Here I used Desmos Graphing Calculator and a whole lot of guesswork to create a function to determine the amount of jitter based on distance readings. The arm rotates between 0 and 270 degrees, and the smaller the distance reading gets, the greater the upper and lower bounds of the random number generators. The function works nicely on the foamcore model I made, so it's time to scale up.

To make the platform spin, I wrote a really simple piece of code to control the speed of the DC motor.

I wanted to make the Jitter Machine large enough to eventually draw larger marks on material.

The parts I ended up using:

• High torque servo motor off of Amazon
• CNC milled 11" diameter plate and base for the rotating platform - 3/4" MDF
• CNC milled arm for the servo motor
• 3D printed base for the arm. I ended up drilling a 1/4" hole in one side to allow the wires connected to the servo to pass through.
• DC motor and L239D chip

Though all the parts worked in the small scale model, I ran into a problem pretty quickly: The plate was so heavy it prevented the DC motor from rotating.

After some feedback from my classmates, I acquired some more parts and changed the layout of the machine: the platform is now connected to a lazy susan/ball bearing platform thing, and the DC motor now spins the platform from the side instead of being attached in the center using a small wheel that spins against the side of the top plate. I made a small wheel in 3D Builder out of a torus and two cylinders, printed it in PLA and gave it a few coats of Plasti-Dip. The hole in the center was too small, so I used a 1/16" drill bit to widen it. The shaft of the DC motor is just under 1/16" thick, so the wheel fit snugly and was light enough to allow the motor to spin.

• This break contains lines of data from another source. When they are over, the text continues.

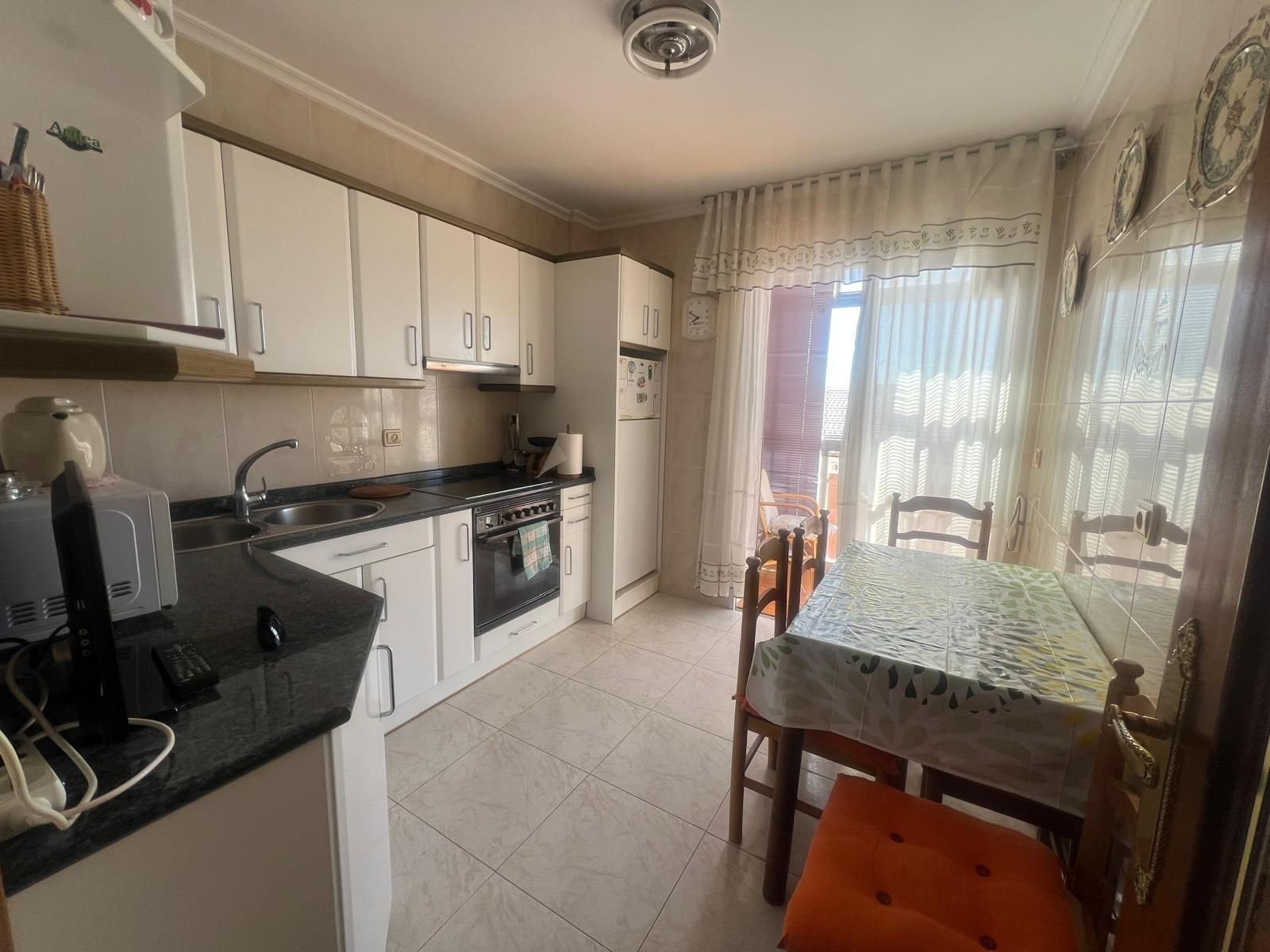 Cocina de Piso en venta en Burgos Capital con Calefacción, Parquet y Terraza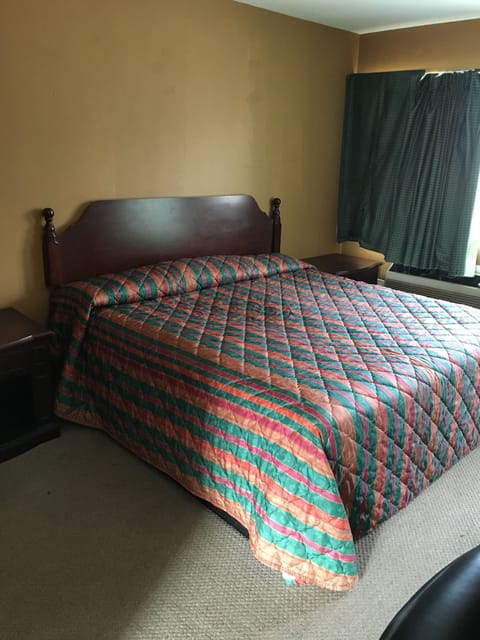 Desk, iron/ironing board, free WiFi, bed sheets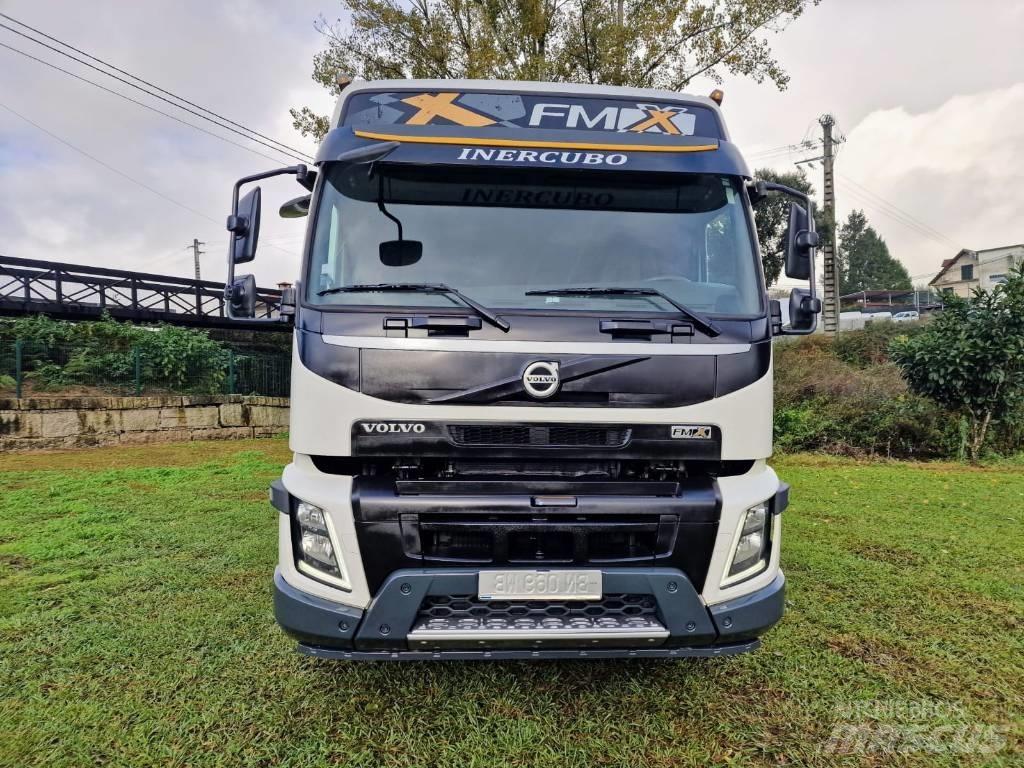 Volvo FMX 460 وحدات الجر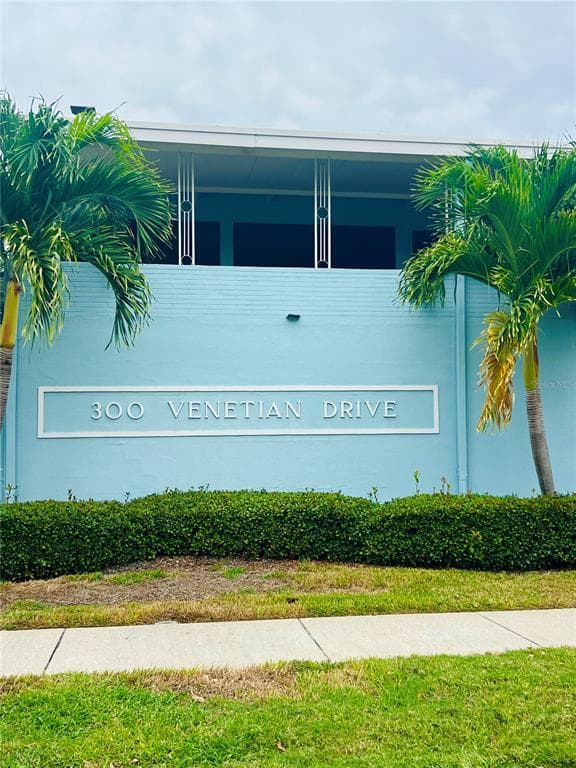 300 VENETIAN DRIVE #2 2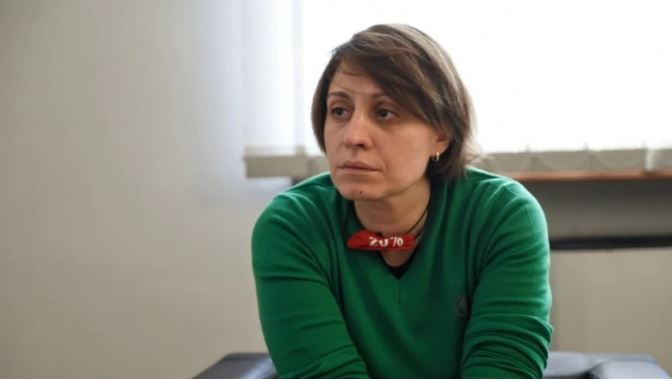 ელენე ხოშტარია მოძღვარმა მოინახულა – როგორ გრძნობს თავს პარლამენტში მოშიმშილე პოლიტიკოსი
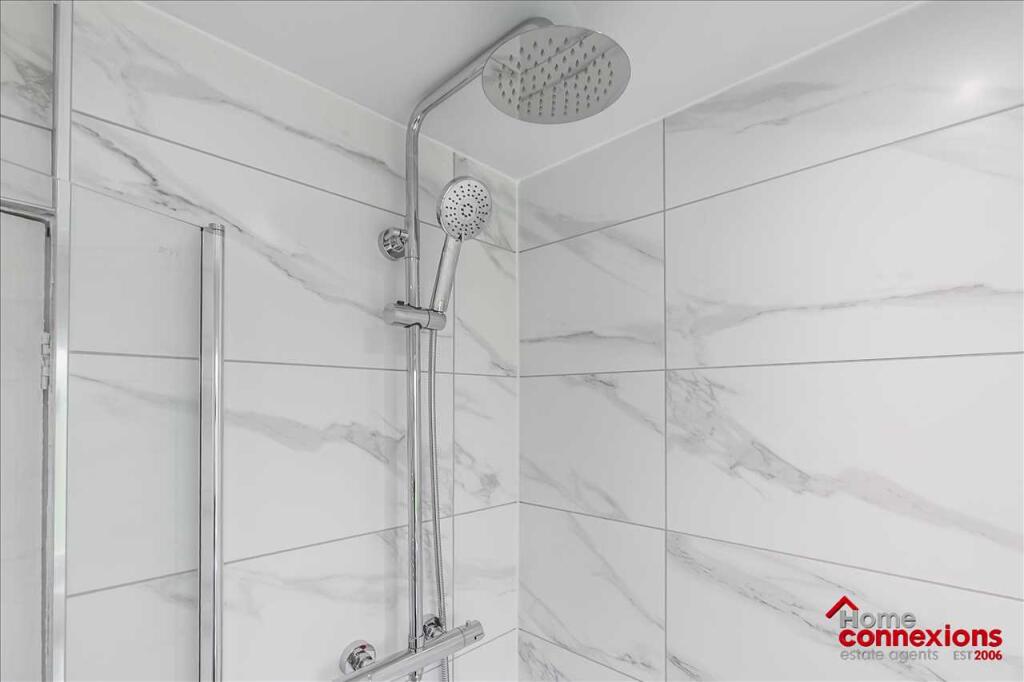 Bathroom (3)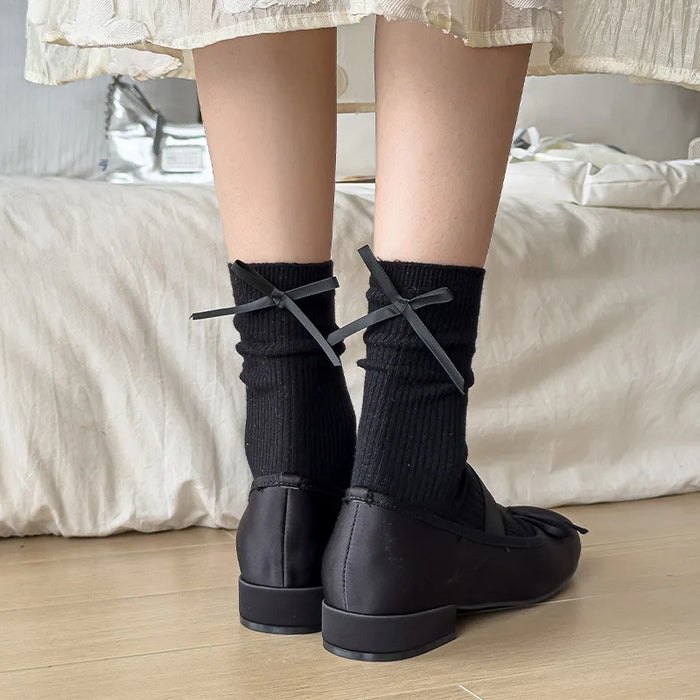 Sweet Bowknot Tied Middle Tube Socks Women Heel Bow Socks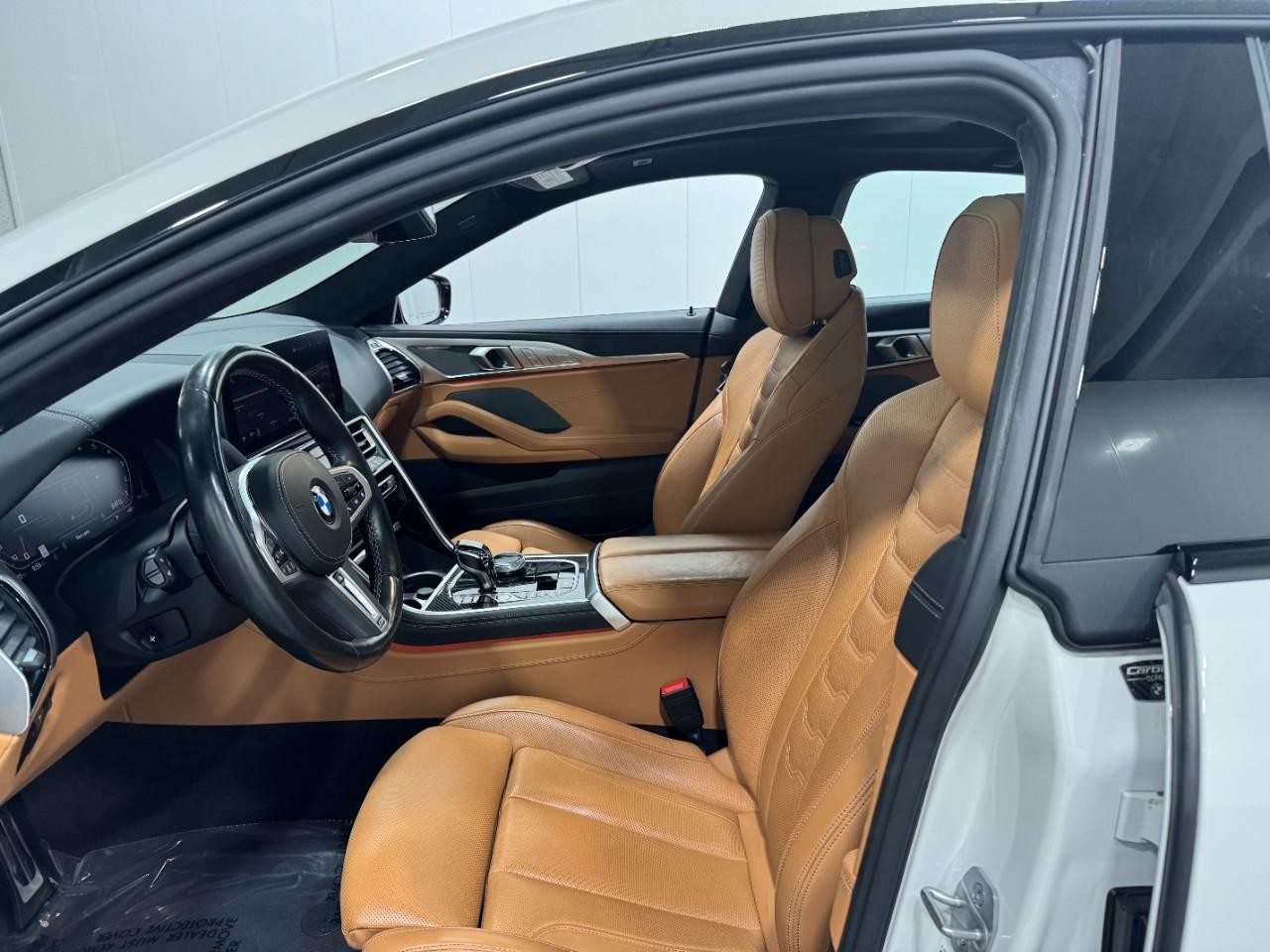 BMW 8 Series Vehicle Full-screen Gallery Image 28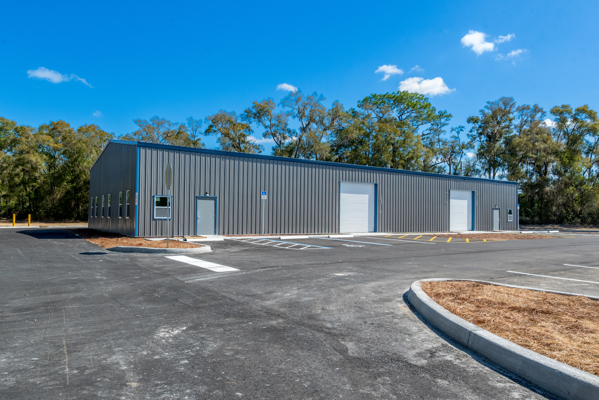 High-Visibility Commercial Warehouse on 1.5 Acres – Levy County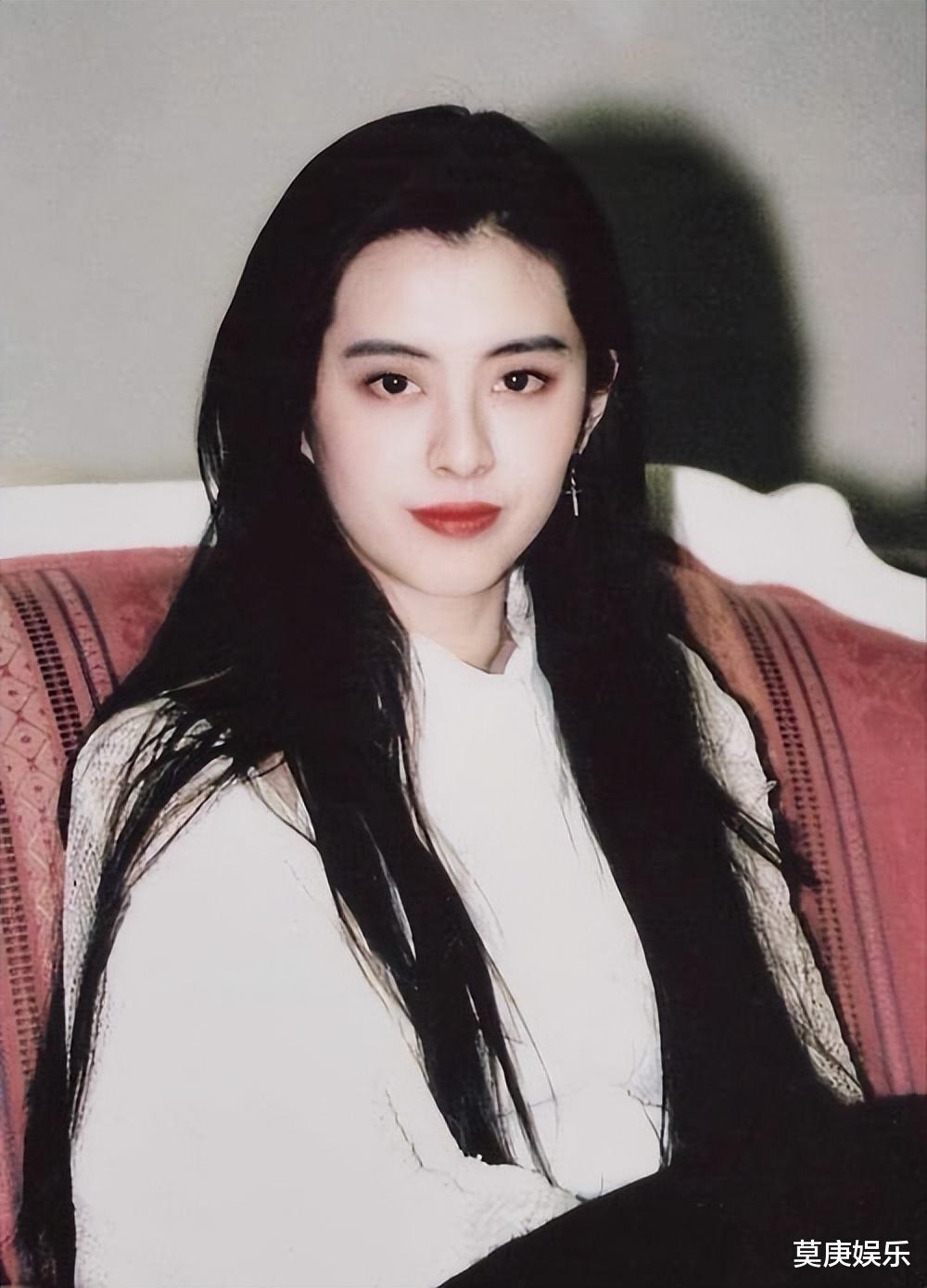 王祖贤|55岁王祖贤近照罕见曝露,身披僧袍虔心念佛,脸部浮肿疑整容失败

One of my friends also suggested adding an upper limit to the jitter function - when the machine cannot detect objects within a certain range, it enters Maximum Jitter Mode. There's not really any purpose here except to add relatability to the machine - it gets anxious when people or objects are too close, but it'll also get anxious when no one's around.

I milled out a platform to hold the whole thing together when it runs. The large pocket cut in the center allows the platform to slide in and out under the arm so that materials can be exchanged. The smaller pocket was supposed to hold the base of the arm, but ended up being unnecessary.